■ DIRECTIONS ■
Copy nothing but the lines below, from the one with "Entitled Neighbors Threw" through the one with "CELINE（セリーヌ）CELINE (セリーヌ) サークルロゴウォレット", exactly as written; no pictures should appear.

■ EXERCISE INPUTS ■
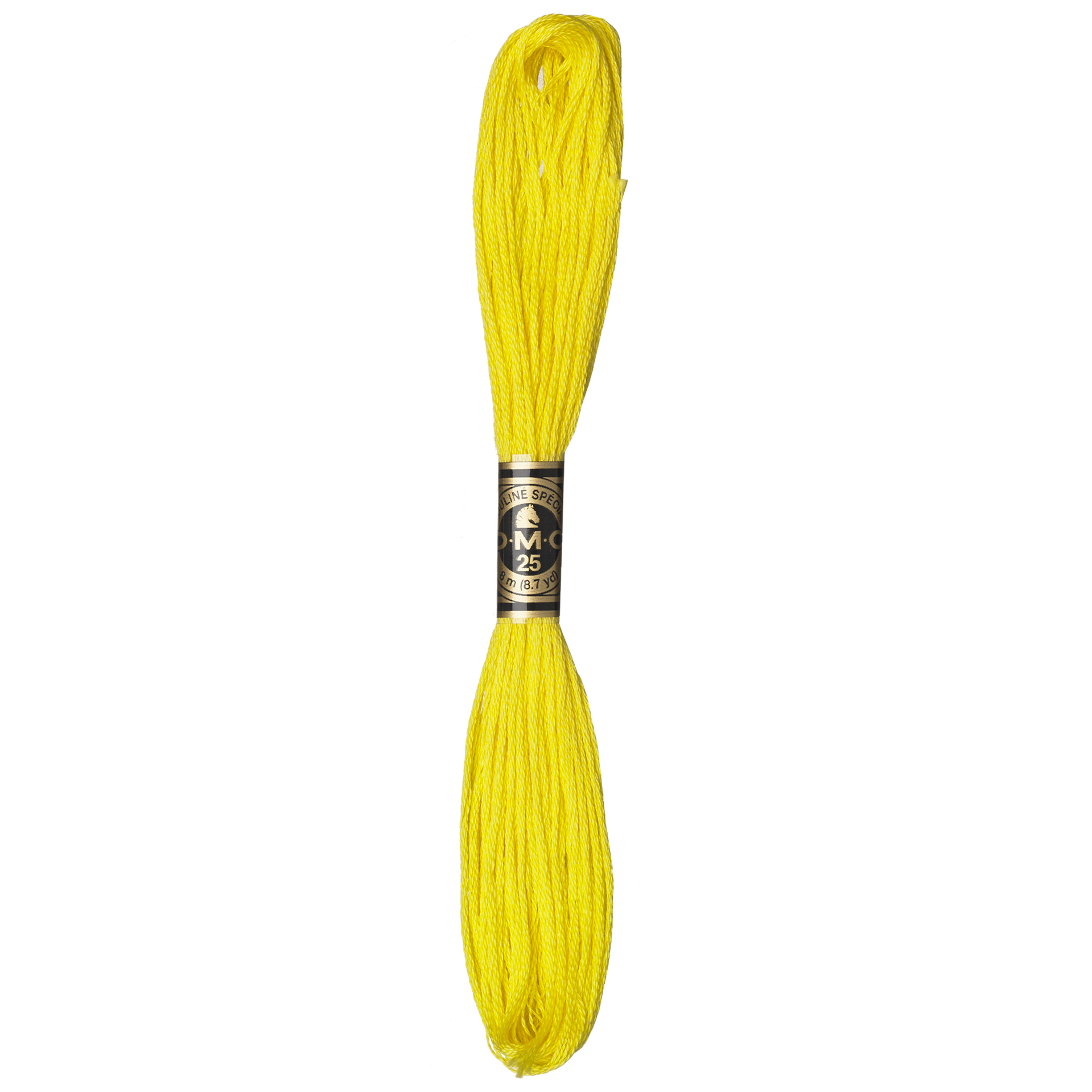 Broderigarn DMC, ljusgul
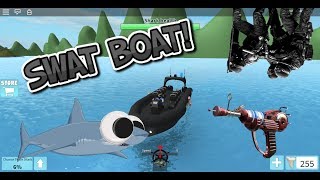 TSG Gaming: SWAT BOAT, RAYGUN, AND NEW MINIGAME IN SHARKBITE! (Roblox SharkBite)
---
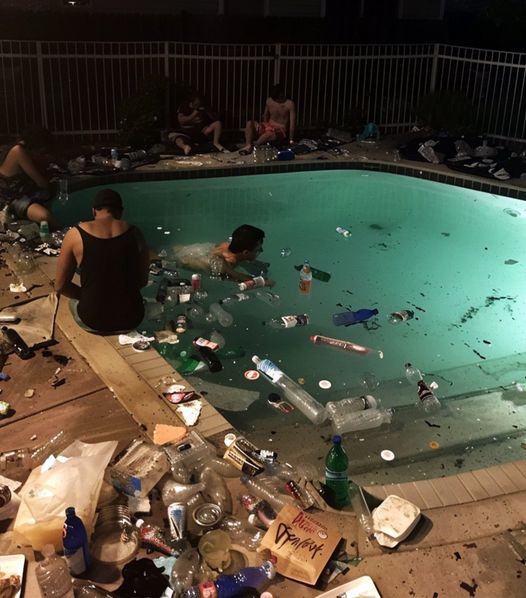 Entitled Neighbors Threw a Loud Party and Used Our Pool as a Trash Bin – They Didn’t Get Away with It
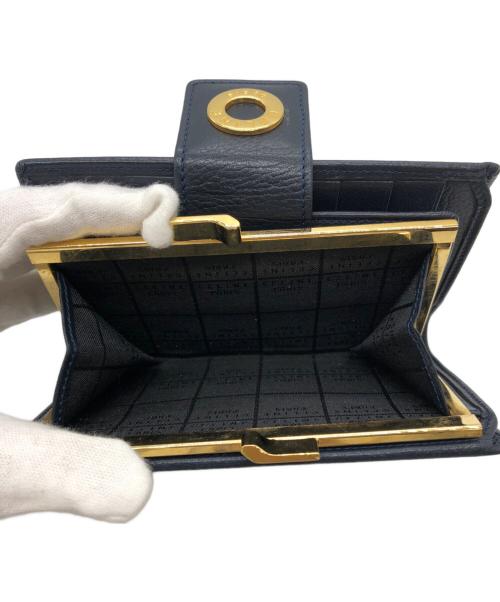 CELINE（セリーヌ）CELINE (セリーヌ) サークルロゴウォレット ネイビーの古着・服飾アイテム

■ WORKED SOLUTION ■
 Entitled Neighbors Threw a Loud Party and Used Our Pool as a Trash Bin – They Didn’t Get Away with It
 CELINE（セリーヌ）CELINE (セリーヌ) サークルロゴウォレット ネイビーの古着・服飾アイテム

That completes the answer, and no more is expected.